Why Should I Use Linux

First of all, it’s free.

Not free as in beer, free as in freedom.

If you bought a house, but the real estate agent said “You can move the funiture, but you can’t repaint the house. If anything breaks, you have to call the builders and have them come out to fix it. Since they are the only ones allowed to do so, they can charge you what they want, and you have to pay.

This is what macOS and Windows would be like if they were houses.

On the contray, if Linux was a house:

Linux would be a set of blueprints for the frame of the house, and other people would add funiture, paint the walls, wire it up, get water, etc. Some houses (Arch, Gentoo) would give you a oak seed, a set of blueprints, and a hammer.

Back in the day (~1990, Win 3.11), you actually had to be good at computers to install stuff (a:; setup). People knew what they were doing.

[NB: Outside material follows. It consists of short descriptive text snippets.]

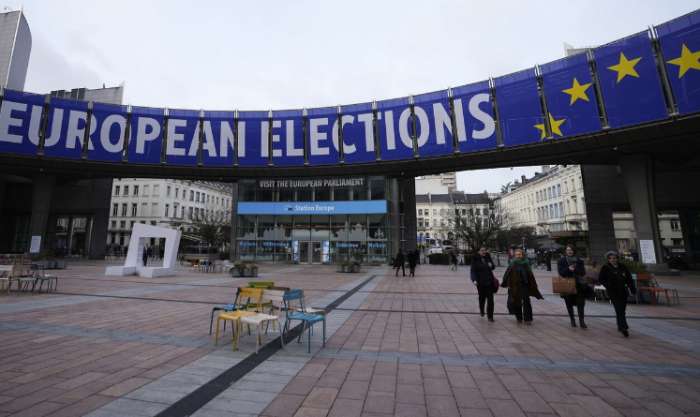 Ευρωεκλογές: Ποια ονόματα έχουν κλειδώσει στα ψηφοδέλτια ΝΔ, ΠΑΣΟΚ και ΣΥΡΙΖΑ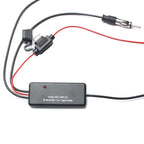 CHEYOULE ANT-208PLUS Car Radio FM AM DAB Antenna 3 in 1 Signal Amplifier, ANT-208PLUS
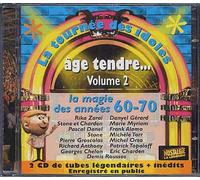 Age Tendre : La Tournée Des Idoles Vol. 2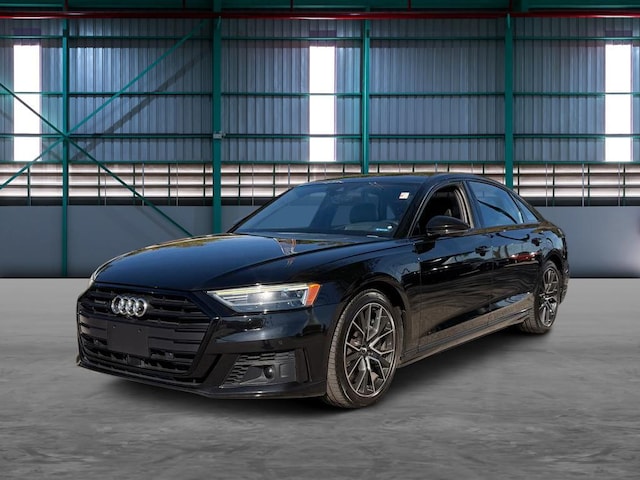 2020 Audi A8 Base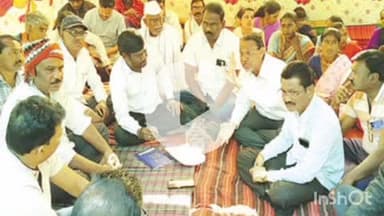 बाभूळगाव: पहुर येथे शिक्षकाच्या मागणी करिता सुरू असलेल्या उपोषणाची सांगता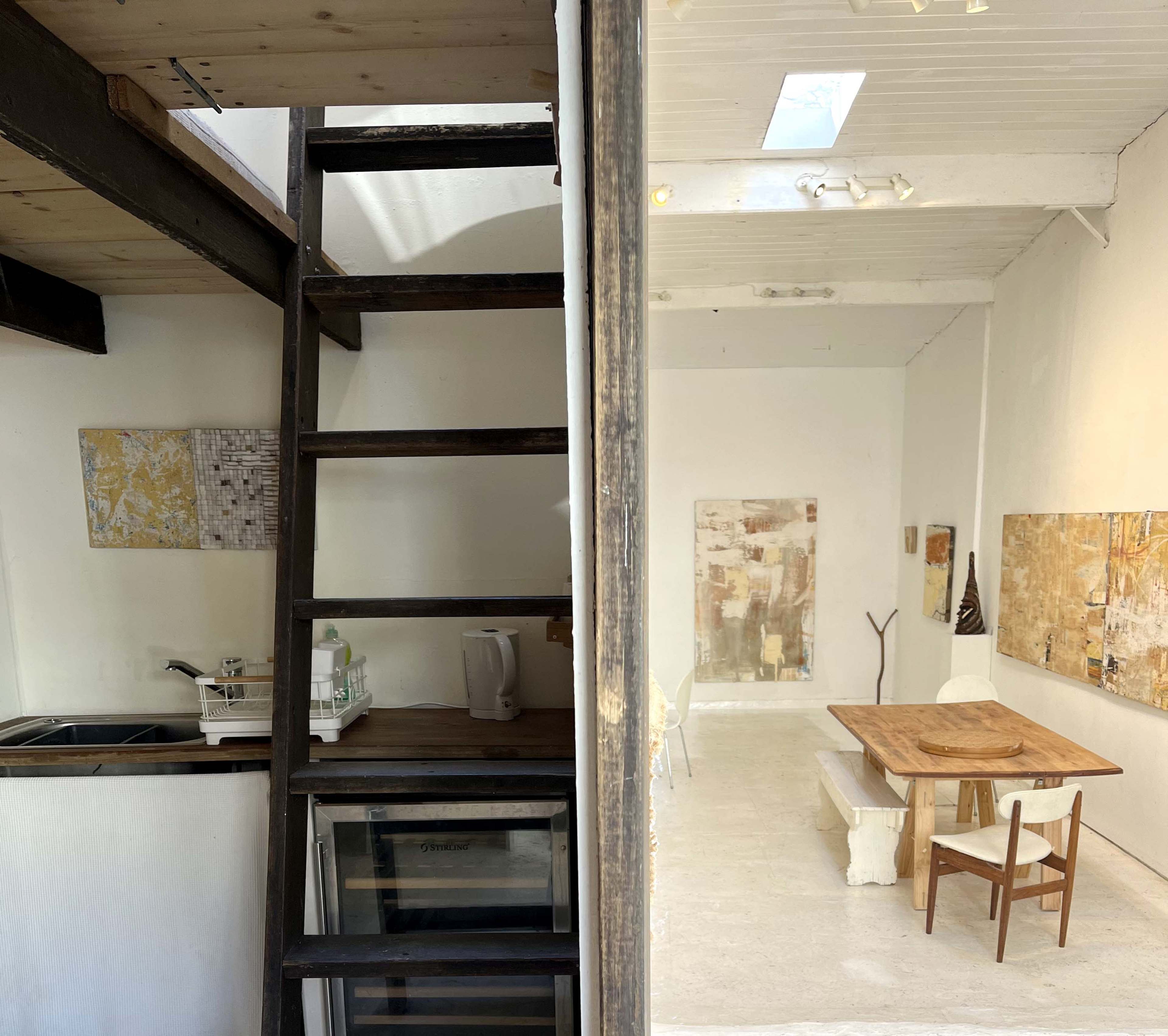 Art Studio Loft in Darlington, with beautiful natural light Image in Darlington, Sydney, NSW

You have to know what it does.

In today’s age, people just double click the exe file. They equate a exe with an installer or a app. If they are dropped into recovery mode, with a command line, they can’t do anything at all.

I used to be at that level, once.

Then I got Linux.

My first experince with Linux was Raspbian on a 3B+

I borked it three times becuase I plugged the plug after HDMI went down.

I used to not be able to mount drives.

I can now to most of my work from /dev/tty2

I’ve recovered my system from a Plymouth hang.

All this and more, Linux has done for me.

It’s light as a feather.

There are some Linux versions that run only in ram.